[[ Material to process, beginning ]]

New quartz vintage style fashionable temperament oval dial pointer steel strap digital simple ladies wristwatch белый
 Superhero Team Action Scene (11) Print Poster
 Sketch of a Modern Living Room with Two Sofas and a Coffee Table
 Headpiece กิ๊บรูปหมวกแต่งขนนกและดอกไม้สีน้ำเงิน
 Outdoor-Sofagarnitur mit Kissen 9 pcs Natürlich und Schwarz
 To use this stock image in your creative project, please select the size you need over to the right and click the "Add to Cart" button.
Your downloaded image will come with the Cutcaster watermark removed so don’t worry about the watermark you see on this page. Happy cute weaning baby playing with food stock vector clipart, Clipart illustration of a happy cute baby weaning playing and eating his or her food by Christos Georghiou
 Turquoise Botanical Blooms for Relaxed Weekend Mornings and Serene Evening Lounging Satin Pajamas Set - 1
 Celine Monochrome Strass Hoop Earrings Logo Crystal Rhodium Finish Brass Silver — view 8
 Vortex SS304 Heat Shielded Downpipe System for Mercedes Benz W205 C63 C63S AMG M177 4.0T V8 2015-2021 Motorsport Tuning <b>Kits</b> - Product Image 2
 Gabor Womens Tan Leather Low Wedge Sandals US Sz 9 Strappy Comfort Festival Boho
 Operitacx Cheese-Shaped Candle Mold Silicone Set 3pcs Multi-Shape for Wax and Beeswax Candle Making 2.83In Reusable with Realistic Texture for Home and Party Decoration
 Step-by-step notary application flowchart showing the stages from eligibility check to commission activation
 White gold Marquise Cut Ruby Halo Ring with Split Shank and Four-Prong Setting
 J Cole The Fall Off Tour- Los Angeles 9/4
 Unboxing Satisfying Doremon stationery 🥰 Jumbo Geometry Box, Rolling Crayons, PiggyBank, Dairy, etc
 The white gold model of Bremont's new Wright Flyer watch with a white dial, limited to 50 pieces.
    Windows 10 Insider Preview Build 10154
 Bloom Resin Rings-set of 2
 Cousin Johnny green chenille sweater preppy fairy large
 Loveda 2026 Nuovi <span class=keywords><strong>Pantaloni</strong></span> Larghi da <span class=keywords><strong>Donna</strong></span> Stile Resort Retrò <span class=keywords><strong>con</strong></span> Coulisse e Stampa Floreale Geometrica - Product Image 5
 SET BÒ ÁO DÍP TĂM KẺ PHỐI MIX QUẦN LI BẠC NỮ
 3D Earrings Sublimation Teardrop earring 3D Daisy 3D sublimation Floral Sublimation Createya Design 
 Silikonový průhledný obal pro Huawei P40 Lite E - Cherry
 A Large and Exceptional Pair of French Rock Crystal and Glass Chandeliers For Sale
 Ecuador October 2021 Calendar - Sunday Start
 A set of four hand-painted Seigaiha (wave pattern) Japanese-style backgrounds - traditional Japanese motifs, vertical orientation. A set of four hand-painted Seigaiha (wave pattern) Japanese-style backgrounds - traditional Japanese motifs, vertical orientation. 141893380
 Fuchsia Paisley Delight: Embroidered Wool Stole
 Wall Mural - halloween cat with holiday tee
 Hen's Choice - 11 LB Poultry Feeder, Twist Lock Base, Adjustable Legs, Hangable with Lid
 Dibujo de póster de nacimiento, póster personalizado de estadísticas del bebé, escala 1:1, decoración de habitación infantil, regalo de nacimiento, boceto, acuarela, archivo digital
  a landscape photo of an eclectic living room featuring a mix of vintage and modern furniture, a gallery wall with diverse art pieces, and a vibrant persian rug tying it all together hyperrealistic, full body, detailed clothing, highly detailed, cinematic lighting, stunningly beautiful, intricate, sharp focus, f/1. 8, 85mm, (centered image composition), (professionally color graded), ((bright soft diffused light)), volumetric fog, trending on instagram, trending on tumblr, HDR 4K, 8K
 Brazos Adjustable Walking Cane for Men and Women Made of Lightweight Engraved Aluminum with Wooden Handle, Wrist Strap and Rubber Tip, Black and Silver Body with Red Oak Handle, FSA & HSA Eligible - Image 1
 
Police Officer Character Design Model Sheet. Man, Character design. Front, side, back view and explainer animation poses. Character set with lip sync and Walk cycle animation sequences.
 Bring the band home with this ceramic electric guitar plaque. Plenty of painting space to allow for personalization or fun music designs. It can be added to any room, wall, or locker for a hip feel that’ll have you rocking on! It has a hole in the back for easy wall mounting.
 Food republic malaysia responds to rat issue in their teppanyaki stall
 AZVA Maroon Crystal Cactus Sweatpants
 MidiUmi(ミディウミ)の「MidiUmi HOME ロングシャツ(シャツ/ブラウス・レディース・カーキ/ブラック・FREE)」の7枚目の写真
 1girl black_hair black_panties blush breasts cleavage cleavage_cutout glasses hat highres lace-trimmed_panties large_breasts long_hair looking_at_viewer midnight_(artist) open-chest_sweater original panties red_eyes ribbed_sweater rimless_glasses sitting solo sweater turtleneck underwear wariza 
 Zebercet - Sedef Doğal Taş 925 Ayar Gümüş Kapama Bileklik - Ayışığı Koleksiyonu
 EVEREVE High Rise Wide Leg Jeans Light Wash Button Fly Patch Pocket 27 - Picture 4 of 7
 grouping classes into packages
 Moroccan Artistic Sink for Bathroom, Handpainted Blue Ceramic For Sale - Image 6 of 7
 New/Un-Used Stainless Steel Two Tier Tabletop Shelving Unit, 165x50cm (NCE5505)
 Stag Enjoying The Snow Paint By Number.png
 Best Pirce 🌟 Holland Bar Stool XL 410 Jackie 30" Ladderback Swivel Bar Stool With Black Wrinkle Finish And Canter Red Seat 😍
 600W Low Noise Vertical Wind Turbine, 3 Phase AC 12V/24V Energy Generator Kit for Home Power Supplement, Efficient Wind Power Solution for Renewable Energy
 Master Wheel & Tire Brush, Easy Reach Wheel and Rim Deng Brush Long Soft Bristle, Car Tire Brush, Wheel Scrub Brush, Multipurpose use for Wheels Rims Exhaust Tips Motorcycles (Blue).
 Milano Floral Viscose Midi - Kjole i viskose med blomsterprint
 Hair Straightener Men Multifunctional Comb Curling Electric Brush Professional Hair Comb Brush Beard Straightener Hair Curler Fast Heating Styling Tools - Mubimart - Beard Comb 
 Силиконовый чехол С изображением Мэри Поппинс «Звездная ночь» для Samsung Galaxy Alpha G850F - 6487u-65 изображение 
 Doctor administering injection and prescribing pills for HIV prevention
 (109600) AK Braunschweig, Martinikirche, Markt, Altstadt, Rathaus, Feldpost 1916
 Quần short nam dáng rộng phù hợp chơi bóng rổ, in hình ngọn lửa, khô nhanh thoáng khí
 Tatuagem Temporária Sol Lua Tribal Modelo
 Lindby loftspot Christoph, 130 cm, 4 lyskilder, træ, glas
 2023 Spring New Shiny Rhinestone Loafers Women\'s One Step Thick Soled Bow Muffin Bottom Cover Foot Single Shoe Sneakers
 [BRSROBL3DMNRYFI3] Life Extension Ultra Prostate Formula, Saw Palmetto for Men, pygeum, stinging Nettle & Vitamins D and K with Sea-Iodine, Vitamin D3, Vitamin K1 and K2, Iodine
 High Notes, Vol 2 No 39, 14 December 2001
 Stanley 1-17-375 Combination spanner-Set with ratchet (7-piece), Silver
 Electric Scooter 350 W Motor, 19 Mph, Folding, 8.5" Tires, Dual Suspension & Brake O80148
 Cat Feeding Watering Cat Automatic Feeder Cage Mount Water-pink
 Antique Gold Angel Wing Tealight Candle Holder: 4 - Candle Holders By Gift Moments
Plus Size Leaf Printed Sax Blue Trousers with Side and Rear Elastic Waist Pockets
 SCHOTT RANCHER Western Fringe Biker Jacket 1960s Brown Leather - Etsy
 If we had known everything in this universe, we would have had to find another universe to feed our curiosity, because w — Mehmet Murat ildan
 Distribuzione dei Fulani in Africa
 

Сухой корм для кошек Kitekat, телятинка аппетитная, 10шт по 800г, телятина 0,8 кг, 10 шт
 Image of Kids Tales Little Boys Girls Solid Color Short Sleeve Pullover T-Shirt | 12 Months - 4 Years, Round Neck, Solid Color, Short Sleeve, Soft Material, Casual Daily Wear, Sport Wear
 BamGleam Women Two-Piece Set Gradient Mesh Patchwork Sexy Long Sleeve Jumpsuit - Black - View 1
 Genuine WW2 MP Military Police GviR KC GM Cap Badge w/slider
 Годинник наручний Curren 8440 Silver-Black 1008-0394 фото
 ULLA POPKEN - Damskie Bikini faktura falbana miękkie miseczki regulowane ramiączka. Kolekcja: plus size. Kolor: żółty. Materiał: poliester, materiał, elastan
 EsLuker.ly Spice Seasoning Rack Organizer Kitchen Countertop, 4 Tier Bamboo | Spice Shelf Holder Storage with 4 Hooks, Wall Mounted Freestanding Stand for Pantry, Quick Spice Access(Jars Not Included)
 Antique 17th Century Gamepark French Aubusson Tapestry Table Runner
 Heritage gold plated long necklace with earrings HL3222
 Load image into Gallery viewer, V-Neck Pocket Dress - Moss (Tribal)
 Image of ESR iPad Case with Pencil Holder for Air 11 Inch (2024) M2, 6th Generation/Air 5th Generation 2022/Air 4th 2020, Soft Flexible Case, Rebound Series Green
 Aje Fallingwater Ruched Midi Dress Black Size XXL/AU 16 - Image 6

[[ Material to process, end ]]

Work item> The answer must be a verbatim transcription of the entries above, from the first line through the line that contains "Celine Monochrome Strass", and nothing more.

Task result>
New quartz vintage style fashionable temperament oval dial pointer steel strap digital simple ladies wristwatch белый
 Superhero Team Action Scene (11) Print Poster
 Sketch of a Modern Living Room with Two Sofas and a Coffee Table
 Headpiece กิ๊บรูปหมวกแต่งขนนกและดอกไม้สีน้ำเงิน
 Outdoor-Sofagarnitur mit Kissen 9 pcs Natürlich und Schwarz
 To use this stock image in your creative project, please select the size you need over to the right and click the "Add to Cart" button.
Your downloaded image will come with the Cutcaster watermark removed so don’t worry about the watermark you see on this page. Happy cute weaning baby playing with food stock vector clipart, Clipart illustration of a happy cute baby weaning playing and eating his or her food by Christos Georghiou
 Turquoise Botanical Blooms for Relaxed Weekend Mornings and Serene Evening Lounging Satin Pajamas Set - 1
 Celine Monochrome Strass Hoop Earrings Logo Crystal Rhodium Finish Brass Silver — view 8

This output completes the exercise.